Kanala Abone Olmayı Unutma - [ Ссылка ]
TERZİ BABA
Terzi Baba Anadolu’da yetişen evliyânın büyüklerindendir. İsmi Muhammed Vehbî’dir. Hayyât Vehbî diye meşhûrdur. 1780 senesinde doğdu. Osmanlı Müellifleri, Sefînet-ül-evliyâ, Esmâ-ül-müellifîn adlı eserlerde Erzurum’da, diğer ba’zı eserlerde ise, Erzincan’da doğduğu yazıldır. Terzi Baba 1847 senesinde Erzincan’da vefât etti. Dergâhının olduğu yere defnedildi. Bugün burası Terzi Baba mezârlığı diye anılmakta, mezârlığın ortasında türbesi bulunmaktadır.

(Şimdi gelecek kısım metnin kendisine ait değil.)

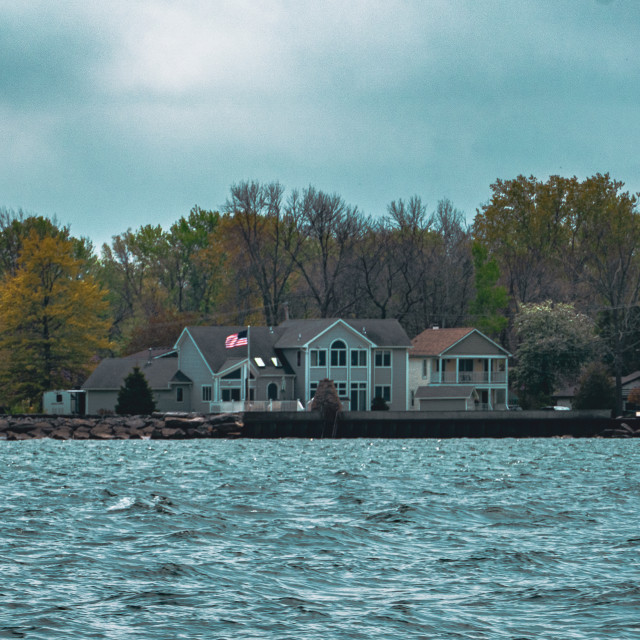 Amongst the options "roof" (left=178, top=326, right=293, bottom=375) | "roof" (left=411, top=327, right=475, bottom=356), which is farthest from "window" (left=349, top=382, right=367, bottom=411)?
"roof" (left=411, top=327, right=475, bottom=356)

Terzi Baba temel din bilgilerini tahsîl ettikten sonra, anne ve babasının isteği üzerine, bir sanat sahibi olmak için terzilik öğrenmeğe başladı. Terzi Baba diye meşhûr olması buradan gelmektedir. Dünyâya hiç rağbeti yoktu. Âhırete meyli çok fazla idi. Mesleği ile meşgûl olurken, ibâdeti terk etmez, nefsinin arzu ve isteklerini yapmama husûsunda a’zamî gayret gösterirdi. Mevlânâ Hâlid-i Bağdâdî’nin rahmetullahi aleyh halîfelerinden Erzincanlı Şeyh Abdullah Mekkî Efendi ile görüştü ve ona talebe oldu. Bundan sonra Terzi Baba’nın manevî mertebesi günden güne ilerledi. Nefsle mücâdele ve riyâzette çok ileri derecelere ulaştı. Abdullah Mekkî Efendi, ona icâzet verdi.
Terzi Baba'nın Abdullah Mekkî Efendi ile tanışmaları şöyle oldu: Terzi Baba, hem dikiş diker hem de dili ve kalbi ile Allahü teâlâyı anardı. Dükkânında dikiş dikerken, her iğneyi kumaşa geçirip çıkarışta dili ve kalbi ile Allahü teâlânın ism-i şerîfini söylerdi. Halîm selîm, mütevâzî bir zât idi. Kimsenin hâlini bilmesini istemezdi. Fakirleri çok sever ve bu sevgisini açıkça belli ederdi.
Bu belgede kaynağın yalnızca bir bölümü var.